News from the Noteworthy
The summer of 2022 will be remembered as the year our beloved Lake Otsego first suffered a Harmful Algal Bloom (HAB).
The conditions which allow a HAB to occur are known. This column reviews Village of Cooperstown public beaches, boat launch sites and most importantly, Village drinking water.
The SUNY Oneonta Biological Field Station (BFS) has monitored lake conditions for decades. This summer, when Glimmerglass State Park first noted an algae bloom on July 27 and closed, BFS began twice weekly testing at locations around the lake. The results of those tests are on their website — suny.oneonta.edu/biological-field-station.
Per NYS Department of Health (DOH) guidelines a microcystin level greater than 4.0 µg/liter (micrograms per liter) is unsafe. BFS testing found microcystin levels in Hyde Bay and at the BFS station in Rat Cove at times exceeded 40.0 µg/liter. The Village appreciates BFS testing and appreciates The Fernleigh Foundation for underwriting testing costs into October.
The Village’s Fairy Spring and Three Mile parks have swimming areas. When the HAB was found at Glimmerglass, DOH signage on HABs was posted in the parks, on our website, and Facebook page.
Caretakers at each park performed daily visual inspections of the water. On Monday August 15, what looked like pollen in the water was observed at Three Mile. Testing indicated slightly over 5.0 µg/liter of microcystin. We closed Three Mile for swimming. It was reopened after test results on August 18 indicated the level had dropped to 0.7 µg/liter.
Unfortunately, the August 18 testing indicated that the level was high at Fairy Spring Park (8.0 µ/liter) and that park was closed for swimming for several days.
Annually Three Mile and Fairy Spring close for the season on Labor Day. Although the waters were safe, the swim areas were occasionally closed prior to Labor Day due to a lifeguard shortage.

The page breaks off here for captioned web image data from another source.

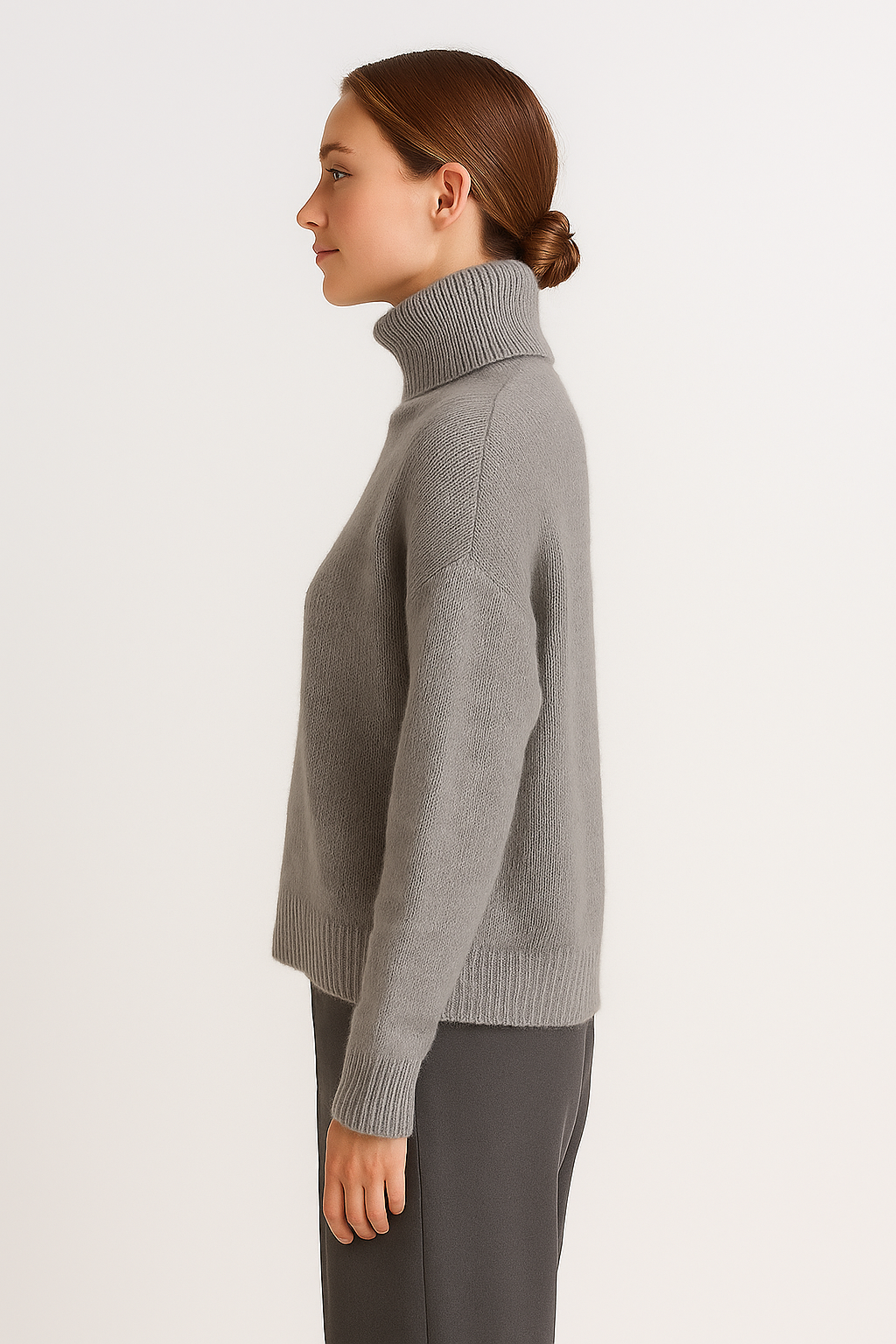 Sweter damski z golfem w kolorze szarym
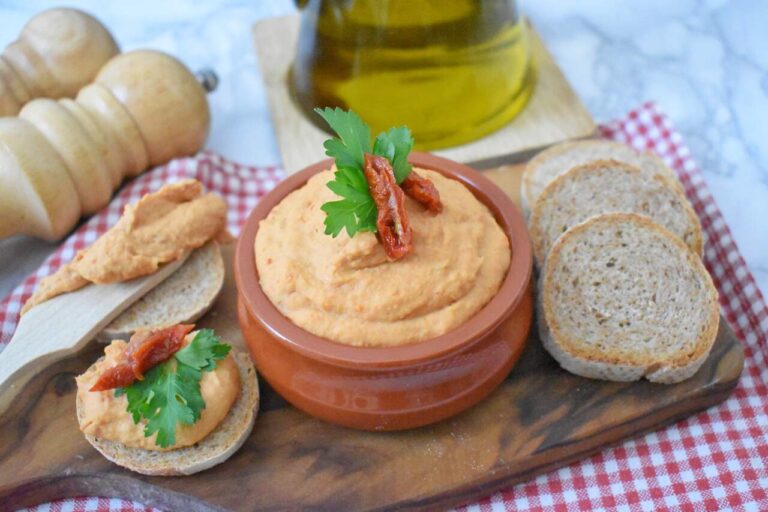 Przepis na hummus z czerwonej soczewicy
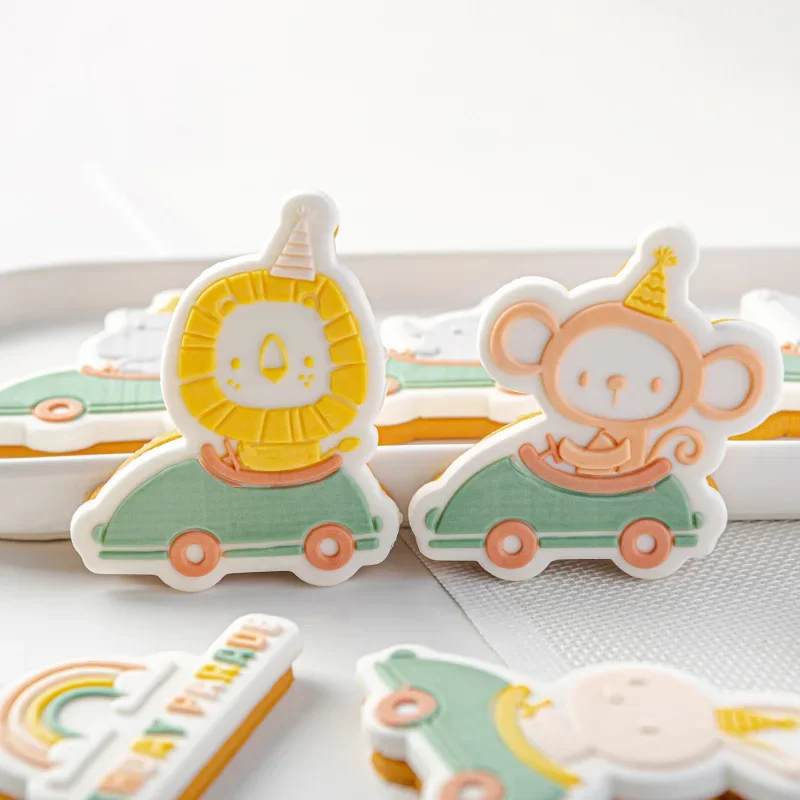 Cartoon Animal Birthday Parade Fondant Biscuit Embossing Die Giraffe Acrylic Icing Cookie Mould Party Dessert Cake Baking Tools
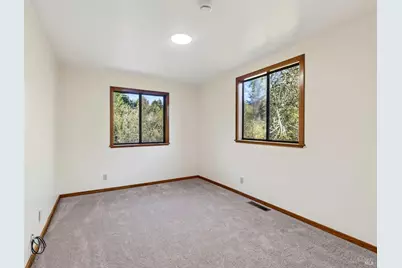 8852 Trenton Road, Forestville, CA 95436 - Photo 20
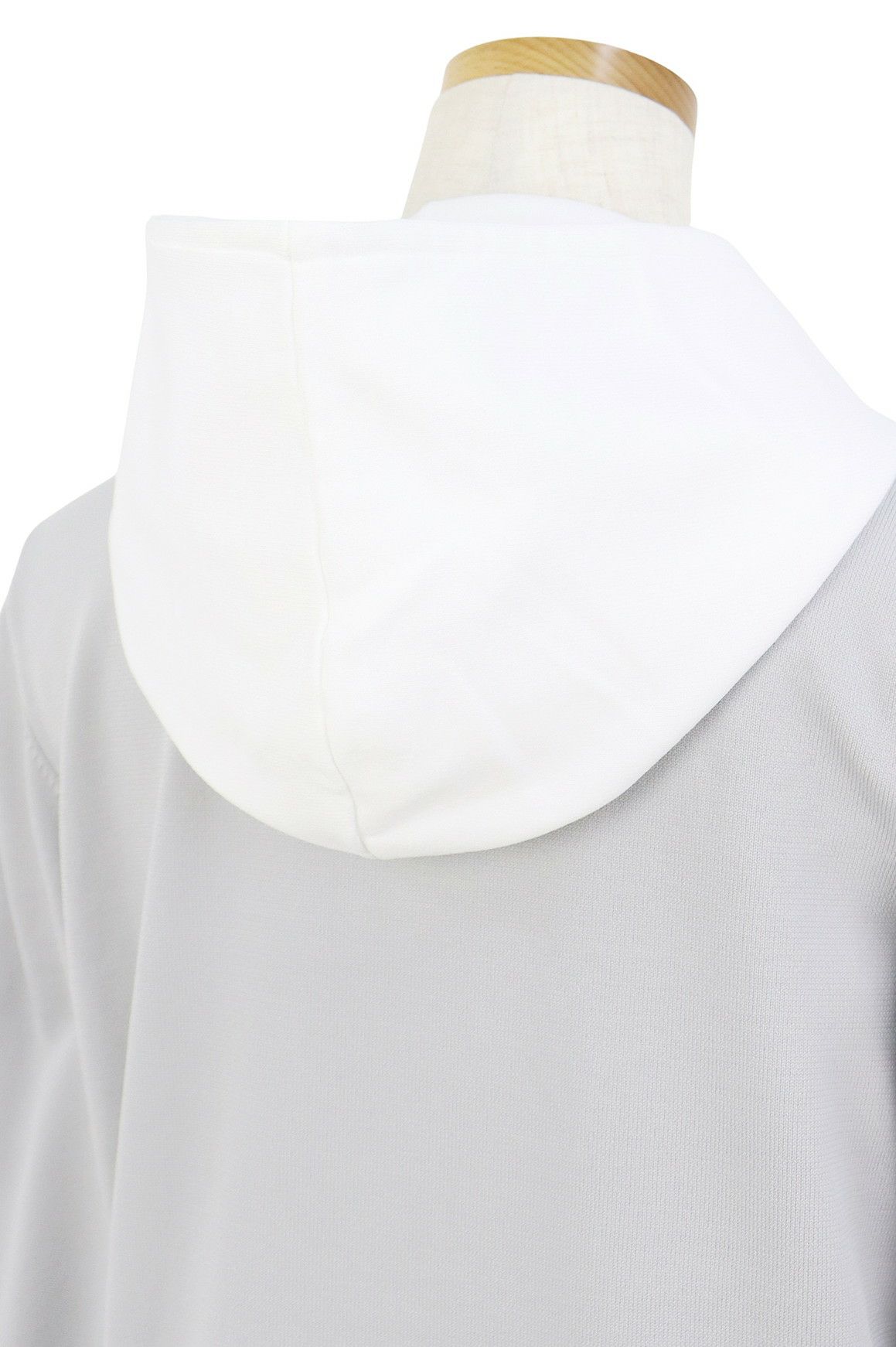 MUスポーツのセーター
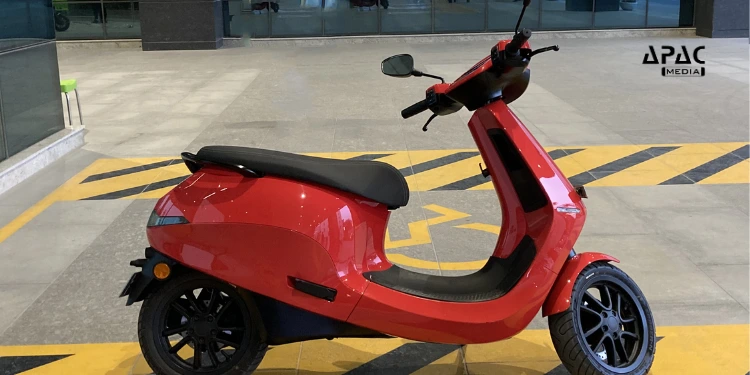 Ola Electric launches #HyperDelivery, offering same-day registration and delivery of EVs in select metro cities. Powered by AI and direct RTO integration, Ola aims to streamline the EV purchase process, eliminating delays and manual paperwork.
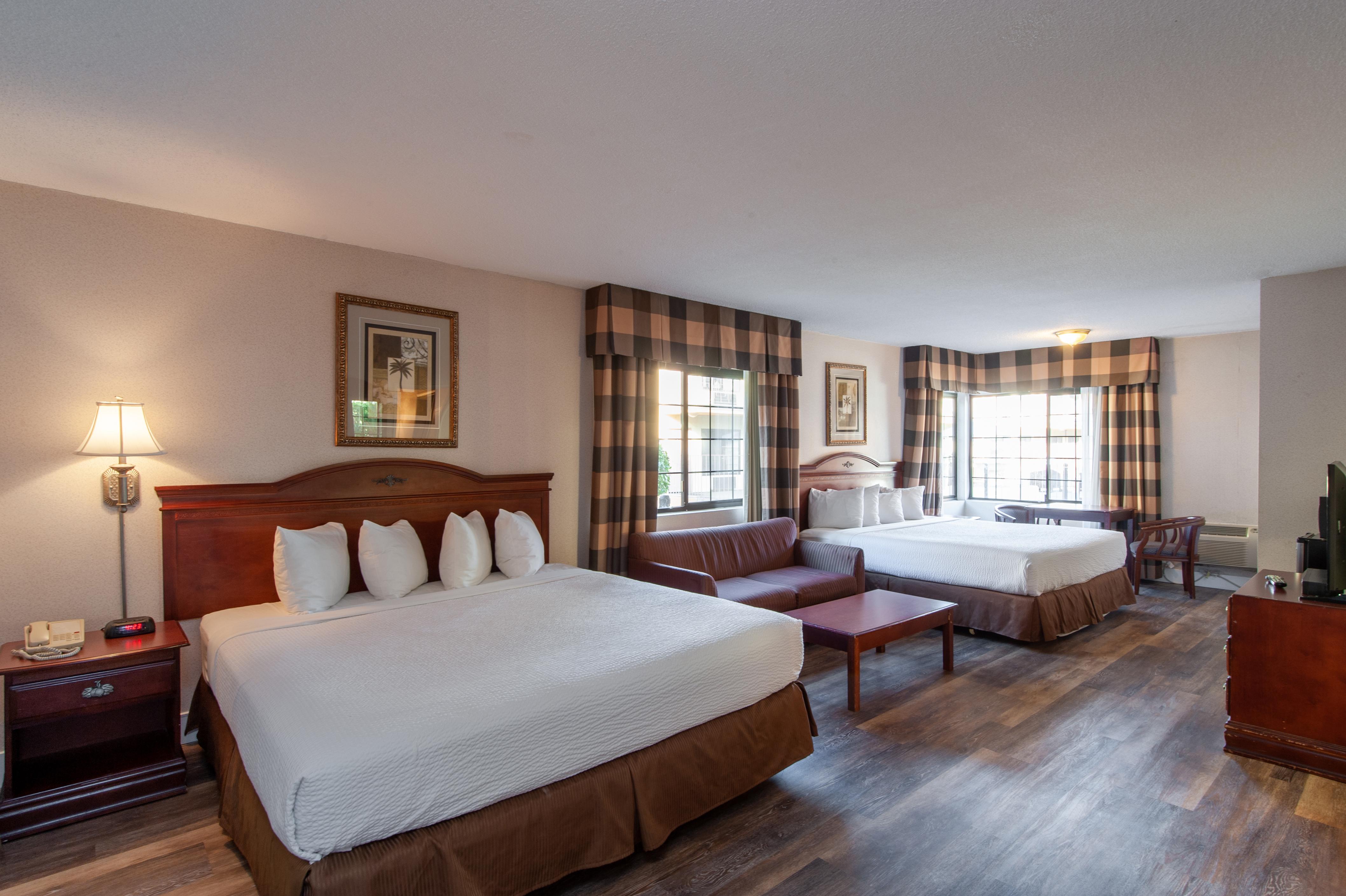 Studio City Court Yard Hotel Room photo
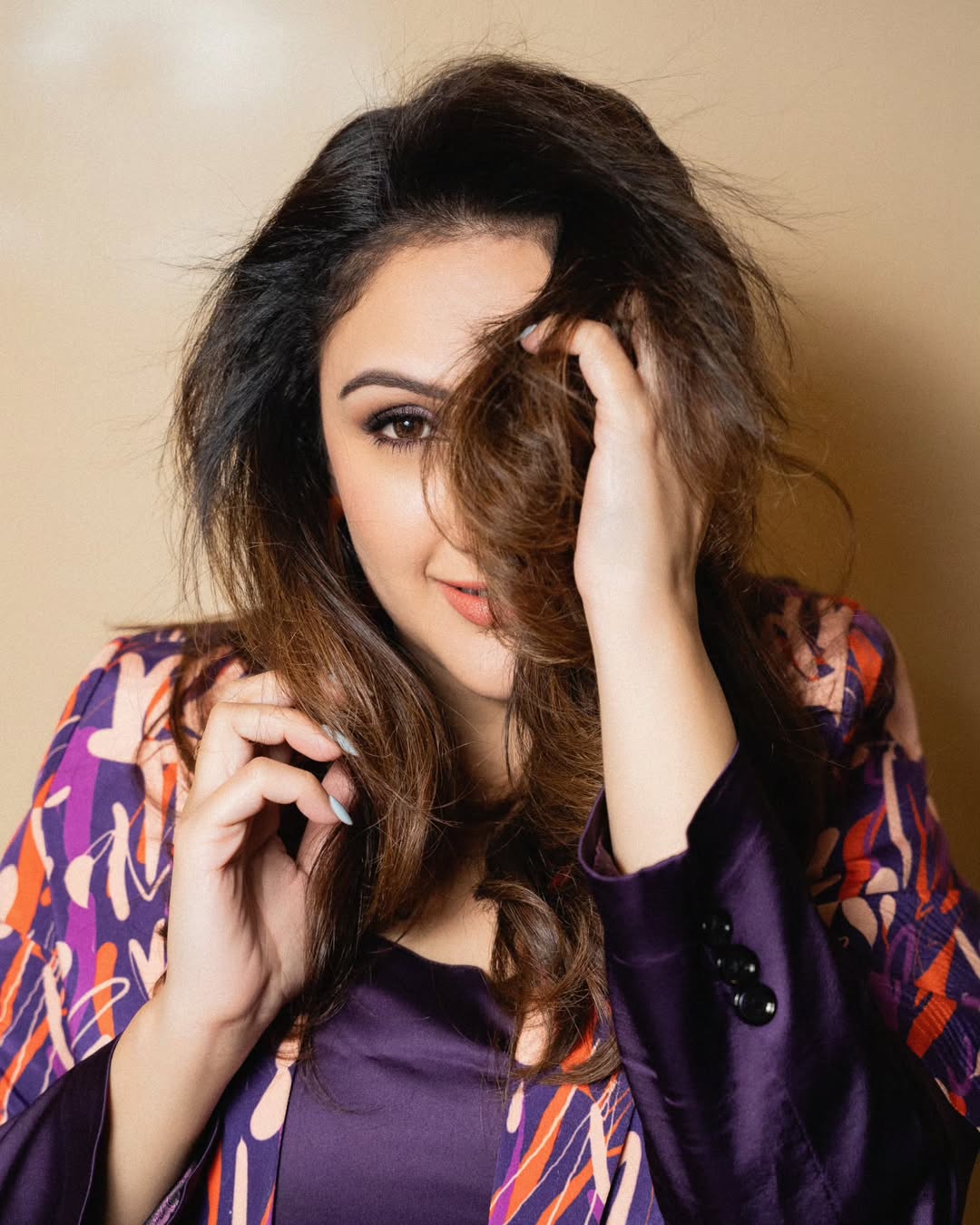 Sridevi Vijaykumar's Vibrant Studio Look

The Village has two public boat launches, Fish Road and Fair Street. There are five privately owned launches on Otsego Lake which can also be used by the public. Aquatic Invasive Species (AIS) are a contributor to HABs. However, the Village is the only launch site which employs three boat stewards to inspect watercraft. Stewards funded by the Catskill Regional Invasive Species Partnership (CRISP), and the Village of Cooperstown are trained to identify AIS. They inspect, document and assist to decontaminate watercraft before they enter Lake Otsego. There is a disposal box for AIS material. With funding assistance from the Otsego Lake Association, the Village installed in 2017 the only boat wash station on Otsego Lake. This decontamination facility on Fish Road is equipped with a high pressure and temperature spray.
While motorboats are often viewed as the “culprits” for AIS, the BFS has warned for years that kayaks and canoes, which are able to be launched at any place along a shoreline, are more likely to transport AIS.
Finally, Otsego Lake serves as the drinking water source for the Village of Cooperstown.
Our municipal water system is regulated by the NYS Department of Health, and follows standards set by the EPA. The Village’s water treatment plant ensures water purity in a multi-step process. The chlorine used for disinfection kills bacteria, viruses and other microorganisms, including microcystins. All these processes along with daily testing ensure the safety of our drinking water. The Water Department files an Annual Drinking Water Quality Report with NYS, which provides much greater detail on our water system and the testing. The 2021 Report is on the Village website cooperstownny.org under Water and Sewer.